8. Networking & Ingress
- Ingress only via the platform's edge API Gateway (Cloud Run + Cloud Armor) on
https://api.melmastoon.ghasi.io/property/v1/*. - Internal RPC (sync) on
https://internal.property.melmastoon-prod.svc/, callable only from the BFF SAs andai-orchestrator-serviceSA. - WAF rules at Cloud Armor: standard OWASP top-10 ruleset + a tightened body-size cap (
10 MB) and per-IP rate limit (200 req/min unauthenticated, 600 req/min authenticated). - Pub/Sub uses Private Google Access; no traffic on the public Internet.

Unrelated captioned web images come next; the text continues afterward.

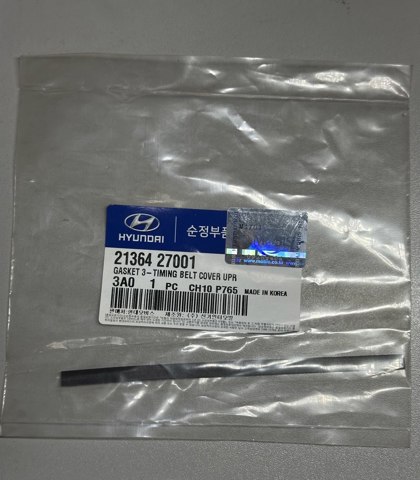 2136427001 Hyundai/Kia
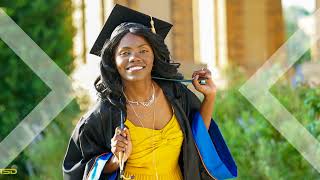BSN - Slideshow (Selina's Graduation pictures) / University Of Texas At Arlington
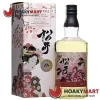 RƯỢU THE MATSUI SAKURA CASK - GIÁ TỐT NHẤT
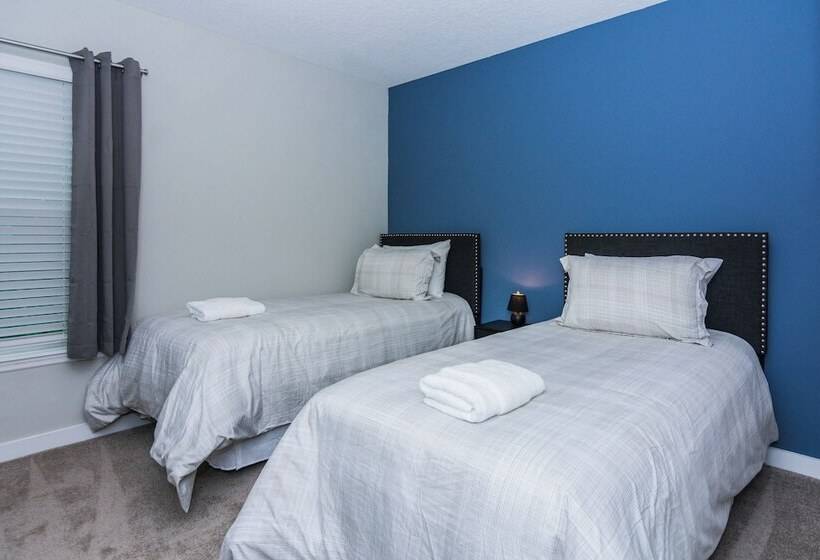 Free Pool Heat! Last Minute Deal! Near Disney 15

9. Resource Limits & Autoscaling
- HPA via Cloud Run target concurrency = 80 with min/max set above.
- Memory headroom: peak observed 1.4 GiB on the photo fan-in path → 2 GiB cap applied there to absorb spikes.
- Cloud SQL: 4 vCPU / 16 GiB RAM in prod; HA enabled; PITR retention 7 days.
- Pub/Sub message retention: 7 days on dead-letter topics; default on hot topics.
- Memorystore: Standard tier, 5 GiB capacity, AUTH + TLS, persistence not required (cache is fully recoverable).
10. Disaster Recovery
| Scenario | RTO | RPO | Plan |
|---|---|---|---|
| Cloud Run regional outage | 5 min | 0 | Auto-failover via Cloud DNS to warm standby Cloud Run; Cloud SQL replica still serves reads |
| Cloud SQL primary failure | 5 min | 0 | Cloud SQL HA auto-failover |
| Cloud SQL region outage | 30 min | ≤ 5 min | Promote cross-region replica; runbook required |
| Pub/Sub regional outage | 0 (degraded) | 0 | Outbox absorbs the backlog; downstream catches up after recovery |
| Memorystore outage | 0 (degraded) | n/a | Cache misses fall through to Postgres; expect 2–3× read latency |
| Secret Manager outage | 5 min | 0 | Service holds last-good in memory; alert if refresh fails > 15 min |
DR drills run quarterly on the staging environment with the same topology; results recorded in runbooks/property/dr-drill-log.md.
Cross-references: SLOs and burn alerts in OBSERVABILITY; secret + IAM specifics in SECURITY_MODEL; failure scenarios in FAILURE_MODES.